The error is clear. But you'll need a few more sessions to get used to trouble shooting. Let's help!
If you hold your option key down, and click on j, XCode will tell you that j is of type Int. Yeah, it's an integer.
for j in 1...100 {
// If you hold your option key down and click on j,
// XCode will tell you that j is of type Int
switch j {
case j.isMultiple(of: 3) && j.isMultiple(of: 5):
print ("FizzBuzz")
// more code
} // end switch
} // end for
Now add this line just before the switch j statement: let whatsThis = j.isMultiple(of: 3)
Now hold the option key down and click on the variable whatsThis.
What does XCode reveal? What type is whatsThis?
Now you see why the compiler is not happy. You are providing an integer to the switch statement.
But within the switch statement you are trying to compare j to a boolean value. You cannot compare integers to booleans!
Case solved.
PS: Whilst learning Swift use what ever variable names you wish. However, and hear me out on this, I think you lose the big picture when you use single letter names for variables.

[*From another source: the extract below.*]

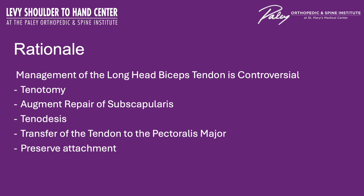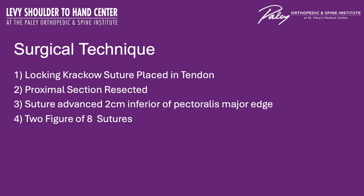The technique that will follow will go over the transfer of the tendon to the pectoralis major, which involves placing a locking Krakow suture in the long head biceps tendon, resecting the proximal section, using suture to advance the tendon two centimeters inferior to the pectoralis major edge, creating a sandwich between the two portions of the biceps tendon and the pectoralis major, utilizing figure-of-eight sutures.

For example, had you named the variable targetInteger your code would then read:
for targetInteger in 1...100 {
switch targetInteger {
case targetInteger.isMultiple(of: 3) && targetInteger.isMultiple(of: 5):
print ("FizzBuzz")
// more code
} // end switch
} // end for
One might argue that this is more readable. Plus it might have clued you in that you are comparing an Integer (targetInteger) to a boolean (targetInteger.isMultiple(of:) returns either true or false. Hey! that's not an integer! Just food for thought.